--- Task statement ---
For this exercise, reproduce the entries below exactly, but only from the line containing "Coque iPhone 13" through the line containing "Capa Comum Kit", both included.

--- Source information ---
──────────
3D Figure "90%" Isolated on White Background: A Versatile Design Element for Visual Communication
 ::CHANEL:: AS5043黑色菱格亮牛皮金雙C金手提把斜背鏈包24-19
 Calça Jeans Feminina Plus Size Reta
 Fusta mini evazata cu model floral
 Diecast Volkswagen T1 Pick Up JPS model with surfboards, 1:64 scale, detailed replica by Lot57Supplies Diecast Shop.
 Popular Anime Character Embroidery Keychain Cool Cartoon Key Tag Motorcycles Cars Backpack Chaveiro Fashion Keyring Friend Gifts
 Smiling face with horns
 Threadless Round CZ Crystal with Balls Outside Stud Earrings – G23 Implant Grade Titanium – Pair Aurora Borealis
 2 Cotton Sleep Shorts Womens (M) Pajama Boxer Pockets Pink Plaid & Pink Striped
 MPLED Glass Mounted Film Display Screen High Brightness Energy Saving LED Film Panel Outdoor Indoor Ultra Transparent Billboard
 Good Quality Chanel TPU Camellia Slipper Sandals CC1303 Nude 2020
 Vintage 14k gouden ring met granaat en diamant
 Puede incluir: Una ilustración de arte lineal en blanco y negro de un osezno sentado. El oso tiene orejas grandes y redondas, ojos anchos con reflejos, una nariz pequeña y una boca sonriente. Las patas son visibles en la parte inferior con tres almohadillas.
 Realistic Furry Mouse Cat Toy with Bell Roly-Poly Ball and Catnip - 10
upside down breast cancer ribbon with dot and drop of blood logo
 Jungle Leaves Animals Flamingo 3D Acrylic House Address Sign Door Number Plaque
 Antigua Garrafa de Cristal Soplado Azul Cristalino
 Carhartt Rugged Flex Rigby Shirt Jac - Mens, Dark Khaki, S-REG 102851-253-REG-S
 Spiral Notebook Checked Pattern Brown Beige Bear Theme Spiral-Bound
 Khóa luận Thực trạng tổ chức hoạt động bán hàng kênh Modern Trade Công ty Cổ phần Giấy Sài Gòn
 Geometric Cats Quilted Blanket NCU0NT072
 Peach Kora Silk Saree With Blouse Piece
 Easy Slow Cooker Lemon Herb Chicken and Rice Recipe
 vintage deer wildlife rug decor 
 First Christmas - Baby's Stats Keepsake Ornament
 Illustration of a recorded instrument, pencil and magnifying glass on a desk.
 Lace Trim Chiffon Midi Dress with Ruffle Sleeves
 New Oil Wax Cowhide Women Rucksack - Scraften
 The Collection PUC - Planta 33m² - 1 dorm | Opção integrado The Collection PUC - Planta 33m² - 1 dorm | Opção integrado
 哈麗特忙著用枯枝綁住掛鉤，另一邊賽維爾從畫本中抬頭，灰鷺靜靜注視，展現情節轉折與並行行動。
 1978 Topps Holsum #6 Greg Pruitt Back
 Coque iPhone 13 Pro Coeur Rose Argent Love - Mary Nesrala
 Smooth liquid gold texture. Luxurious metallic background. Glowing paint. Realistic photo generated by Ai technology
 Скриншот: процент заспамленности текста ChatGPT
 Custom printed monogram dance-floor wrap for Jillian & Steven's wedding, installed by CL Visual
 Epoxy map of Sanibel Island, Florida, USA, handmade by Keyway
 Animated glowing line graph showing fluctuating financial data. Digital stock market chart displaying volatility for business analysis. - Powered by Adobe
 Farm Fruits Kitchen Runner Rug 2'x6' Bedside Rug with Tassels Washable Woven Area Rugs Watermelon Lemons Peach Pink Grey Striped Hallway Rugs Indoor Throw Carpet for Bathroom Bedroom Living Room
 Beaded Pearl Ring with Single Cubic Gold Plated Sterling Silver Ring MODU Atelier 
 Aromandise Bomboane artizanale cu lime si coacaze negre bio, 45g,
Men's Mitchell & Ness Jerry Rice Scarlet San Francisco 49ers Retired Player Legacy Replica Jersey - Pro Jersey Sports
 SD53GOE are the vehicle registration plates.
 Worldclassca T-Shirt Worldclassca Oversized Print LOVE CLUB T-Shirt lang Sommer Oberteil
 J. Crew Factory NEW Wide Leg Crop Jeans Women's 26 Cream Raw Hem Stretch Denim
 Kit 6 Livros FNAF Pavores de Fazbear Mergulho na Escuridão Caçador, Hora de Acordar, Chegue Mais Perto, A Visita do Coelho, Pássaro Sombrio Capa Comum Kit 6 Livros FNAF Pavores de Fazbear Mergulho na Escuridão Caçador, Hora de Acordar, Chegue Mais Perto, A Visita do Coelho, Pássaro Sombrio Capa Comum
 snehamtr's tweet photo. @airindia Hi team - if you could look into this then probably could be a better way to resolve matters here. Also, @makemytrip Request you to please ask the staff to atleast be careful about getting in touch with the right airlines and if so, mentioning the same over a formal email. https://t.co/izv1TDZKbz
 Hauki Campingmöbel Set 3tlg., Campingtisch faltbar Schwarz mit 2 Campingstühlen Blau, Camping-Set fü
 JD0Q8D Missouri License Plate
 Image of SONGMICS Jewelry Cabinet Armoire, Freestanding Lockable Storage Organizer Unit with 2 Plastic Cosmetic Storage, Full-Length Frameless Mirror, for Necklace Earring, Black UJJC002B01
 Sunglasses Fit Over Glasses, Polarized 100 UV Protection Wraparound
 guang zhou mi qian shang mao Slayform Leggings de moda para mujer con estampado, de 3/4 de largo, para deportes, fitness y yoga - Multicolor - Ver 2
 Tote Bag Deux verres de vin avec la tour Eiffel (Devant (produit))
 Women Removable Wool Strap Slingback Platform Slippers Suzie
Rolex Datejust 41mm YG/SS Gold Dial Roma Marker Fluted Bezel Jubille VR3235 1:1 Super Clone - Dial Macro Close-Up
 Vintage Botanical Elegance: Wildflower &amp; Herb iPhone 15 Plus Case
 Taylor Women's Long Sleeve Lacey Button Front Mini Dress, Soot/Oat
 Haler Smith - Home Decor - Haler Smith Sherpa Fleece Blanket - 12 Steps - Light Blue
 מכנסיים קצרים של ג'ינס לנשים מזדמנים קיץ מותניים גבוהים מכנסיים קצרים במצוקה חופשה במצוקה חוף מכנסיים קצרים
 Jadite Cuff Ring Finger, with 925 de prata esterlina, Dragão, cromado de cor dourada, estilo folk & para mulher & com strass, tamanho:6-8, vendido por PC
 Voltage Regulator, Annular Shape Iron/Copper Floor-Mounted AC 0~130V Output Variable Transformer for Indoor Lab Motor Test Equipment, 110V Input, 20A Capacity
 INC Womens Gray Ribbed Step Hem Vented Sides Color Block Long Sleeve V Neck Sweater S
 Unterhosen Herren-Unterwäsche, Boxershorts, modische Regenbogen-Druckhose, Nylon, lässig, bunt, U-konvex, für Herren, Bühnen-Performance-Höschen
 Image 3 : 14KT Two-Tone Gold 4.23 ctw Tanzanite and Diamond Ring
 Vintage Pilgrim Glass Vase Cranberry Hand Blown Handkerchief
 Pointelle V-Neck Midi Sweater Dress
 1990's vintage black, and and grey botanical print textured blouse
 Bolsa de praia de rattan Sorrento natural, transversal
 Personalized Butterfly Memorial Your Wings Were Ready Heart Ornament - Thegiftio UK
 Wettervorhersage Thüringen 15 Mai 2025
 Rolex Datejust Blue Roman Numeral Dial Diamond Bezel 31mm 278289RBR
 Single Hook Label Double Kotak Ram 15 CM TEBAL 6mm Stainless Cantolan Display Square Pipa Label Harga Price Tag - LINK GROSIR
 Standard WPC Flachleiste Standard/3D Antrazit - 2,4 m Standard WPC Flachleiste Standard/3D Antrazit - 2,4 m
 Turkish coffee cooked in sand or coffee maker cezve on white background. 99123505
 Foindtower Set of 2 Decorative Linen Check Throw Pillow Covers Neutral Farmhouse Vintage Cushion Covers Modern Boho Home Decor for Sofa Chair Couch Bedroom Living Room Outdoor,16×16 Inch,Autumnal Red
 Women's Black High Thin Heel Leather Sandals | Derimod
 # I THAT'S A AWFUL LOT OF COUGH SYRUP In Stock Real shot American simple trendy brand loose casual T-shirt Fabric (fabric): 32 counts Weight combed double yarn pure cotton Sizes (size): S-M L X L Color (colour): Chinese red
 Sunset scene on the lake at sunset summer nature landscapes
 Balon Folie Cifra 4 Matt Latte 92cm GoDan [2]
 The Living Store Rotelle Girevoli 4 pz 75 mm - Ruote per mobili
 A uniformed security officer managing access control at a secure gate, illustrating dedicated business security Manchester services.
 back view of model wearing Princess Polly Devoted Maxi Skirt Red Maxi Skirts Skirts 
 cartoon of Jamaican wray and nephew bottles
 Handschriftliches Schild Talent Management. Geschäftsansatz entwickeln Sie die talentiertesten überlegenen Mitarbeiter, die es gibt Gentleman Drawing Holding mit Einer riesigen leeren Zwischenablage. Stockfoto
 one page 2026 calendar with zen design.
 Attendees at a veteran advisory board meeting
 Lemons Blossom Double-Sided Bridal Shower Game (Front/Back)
──────────
--- Response to this exercise ---
 Coque iPhone 13 Pro Coeur Rose Argent Love - Mary Nesrala
 Smooth liquid gold texture. Luxurious metallic background. Glowing paint. Realistic photo generated by Ai technology
 Скриншот: процент заспамленности текста ChatGPT
 Custom printed monogram dance-floor wrap for Jillian & Steven's wedding, installed by CL Visual
 Epoxy map of Sanibel Island, Florida, USA, handmade by Keyway
 Animated glowing line graph showing fluctuating financial data. Digital stock market chart displaying volatility for business analysis. - Powered by Adobe
 Farm Fruits Kitchen Runner Rug 2'x6' Bedside Rug with Tassels Washable Woven Area Rugs Watermelon Lemons Peach Pink Grey Striped Hallway Rugs Indoor Throw Carpet for Bathroom Bedroom Living Room
 Beaded Pearl Ring with Single Cubic Gold Plated Sterling Silver Ring MODU Atelier 
 Aromandise Bomboane artizanale cu lime si coacaze negre bio, 45g,
Men's Mitchell & Ness Jerry Rice Scarlet San Francisco 49ers Retired Player Legacy Replica Jersey - Pro Jersey Sports
 SD53GOE are the vehicle registration plates.
 Worldclassca T-Shirt Worldclassca Oversized Print LOVE CLUB T-Shirt lang Sommer Oberteil
 J. Crew Factory NEW Wide Leg Crop Jeans Women's 26 Cream Raw Hem Stretch Denim
 Kit 6 Livros FNAF Pavores de Fazbear Mergulho na Escuridão Caçador, Hora de Acordar, Chegue Mais Perto, A Visita do Coelho, Pássaro Sombrio Capa Comum Kit 6 Livros FNAF Pavores de Fazbear Mergulho na Escuridão Caçador, Hora de Acordar, Chegue Mais Perto, A Visita do Coelho, Pássaro Sombrio Capa Comum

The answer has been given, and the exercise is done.